Non-coders' guide to the web

These pages introduce some of the building blocks of the web, and should help you better "hack" web content and platforms to communicate more clearly online.

  1. How the Web Works: What everyone should know about algorithms, platforms, databases, search engines, and URLs to understand how information moves online.
  2. Creating Web Content: How to use basic web elements such as HTML and CSS, as well as everyday tools like your Gmail editor to create richer multimedia content.
  3. Remixing Online Content: How to seamlessly (and ethically) integrate images, text, and videos from others into your own online work. 

How the Web Works

Algorithms

According to Time Magazine, the average Facebook user has access to about 1,500 posts every day but only views 300. That means you may never see 80% of the content posted to your network, and Facebook decides what you will and will not see. Algorithms are sets of programmatic rules that help platforms like Facebook decide what information you'll see, and in what order. Algorithms are designed by humans, though, and reflect the assumptions and biases of their designers. Here are a few questions to help you consider how algorithms shape your access to information on sites like Google and Facebook:

How does my activity on this platform change the results?

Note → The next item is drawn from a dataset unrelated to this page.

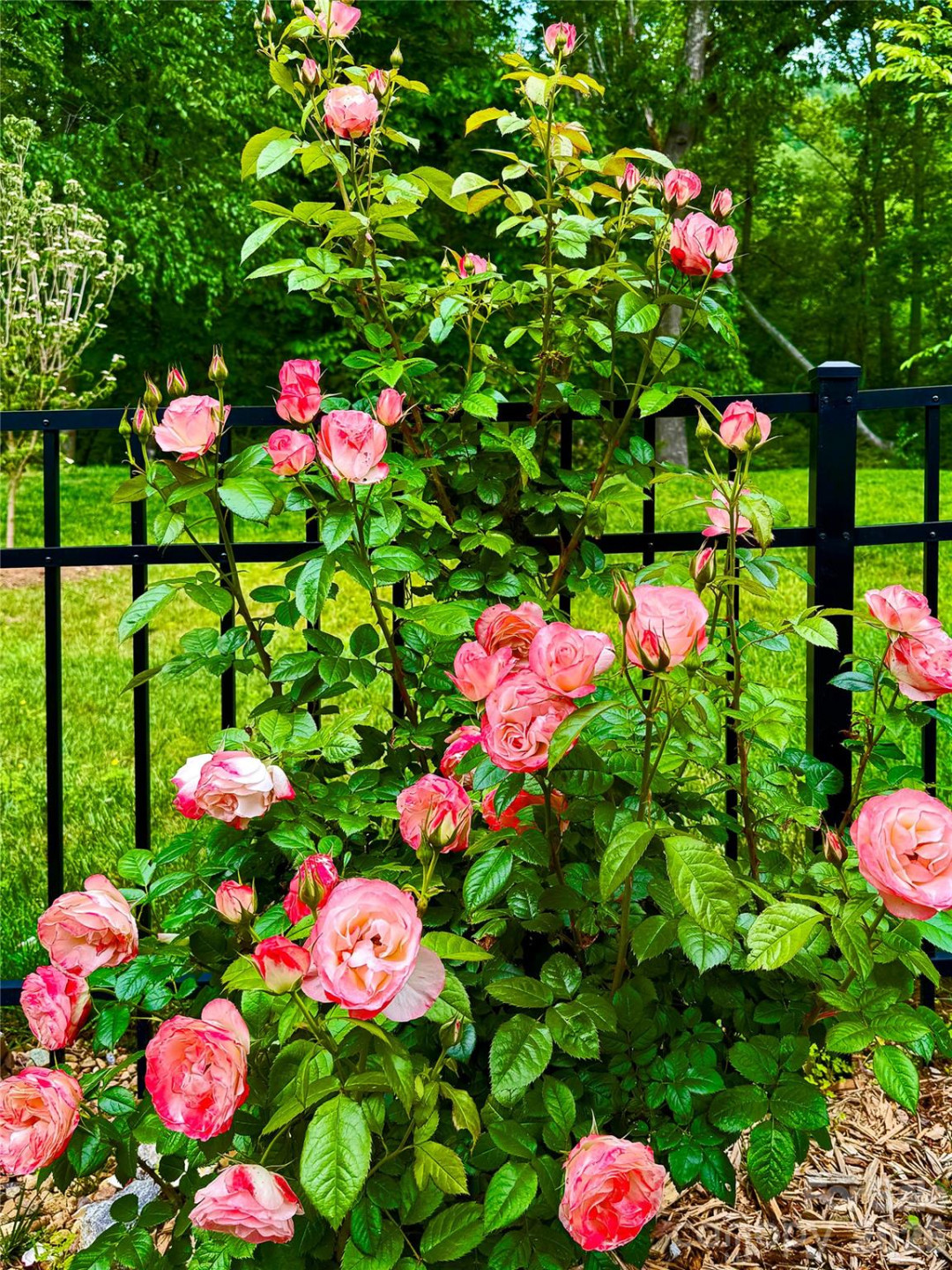 31 Cozy Cottage Way - Photo 33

Facebook tracks users' engagement with every post, and then reshapes your News Feed to show you content that you're most likely to interact with again. In other words, every time you like or comment on a post, or click through to view the content, you're telling Facebook: "show me more like this."

How does my current location change these results?

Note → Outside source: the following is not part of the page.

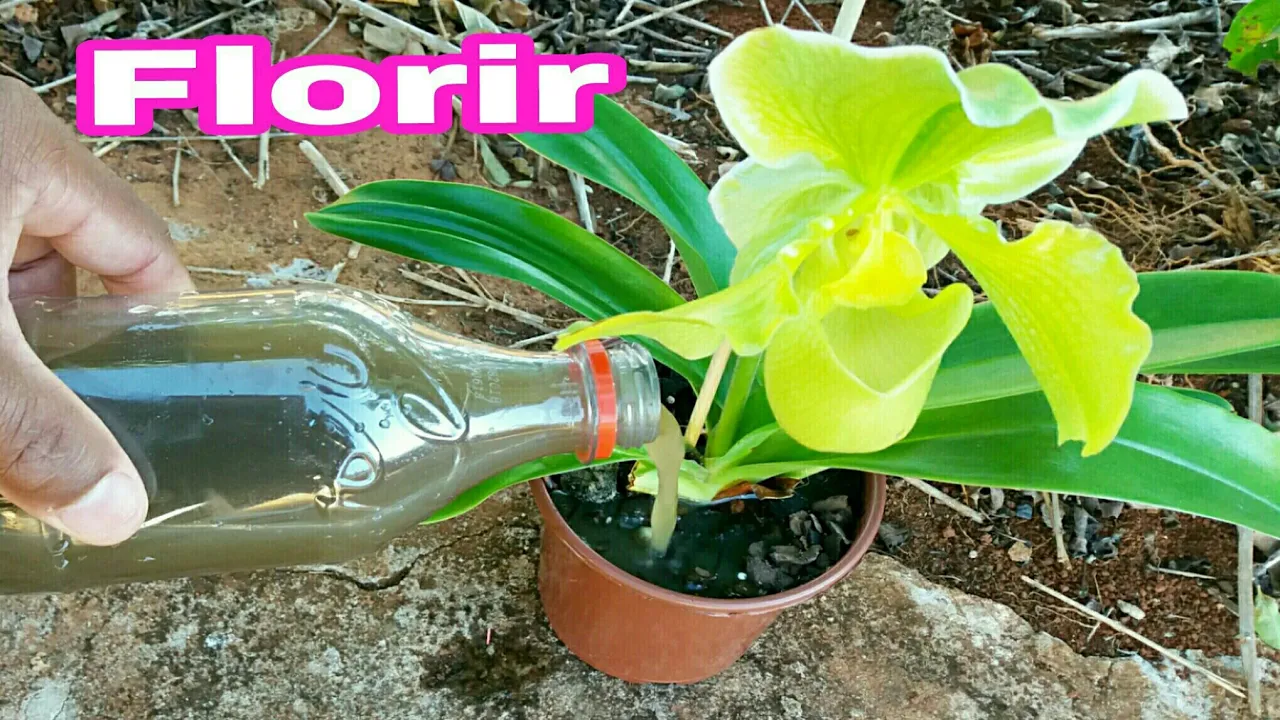 ESSE ADUBO FAZ QUALQUER ORQUÍDEA FLORIR!!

Google uses your location to determine which search results to show you. "For example, if you’re in Seattle, when you search for coffee shops, you'll see ones that are nearby" (via Google). This can be pretty handy when you're looking for coffee shops, but may cause problems or confusion when you're looking for scholarly information. Is an article from the UC Berkeley website necessarily more relevant to you than one from Harvard, for example?

Is the content you want to see the same as the content that the platform wants you to see?

One major stream of revenue for Facebook is from Pages. Owners of Pages usually have to sponsor posts to get them to show up in your News Feed, and unless you go out of your way to tell Facebook that you want to see posts from a specific Page in your feed, it's in Facebook's economic interest to force the Page to pay for placement. 

Does recent content get pushed to the top of your feed? Do more popular posts show up first? 

Most online platforms, including many news publications, privilege recent posts over older content. It's also increasingly common for news publications and others to use popularity (e.g., trending topics) as a metric for relevance. In scholarly research, however, neither recency nor popularity may work as helpful filters, and you might need to take extra steps (to search by a date range, for example) to counteract those defaults.

Can I tune the results?

Facebook allows you to adjust your News Feed preferences, by choosing which Friends and Pages you'd like to see first. Google also helps you view and control activity, including your search history, on your Google accounts. You can also turn off  location tracking in Google.

Activity:

Choose an online platform or app that sorts a lot of information into a stream or feed of some kind—something like Instagram, Yelp, or Buzzfeed—and try to answer the following questions, looking at their homepage, your feed, or the search results on the site.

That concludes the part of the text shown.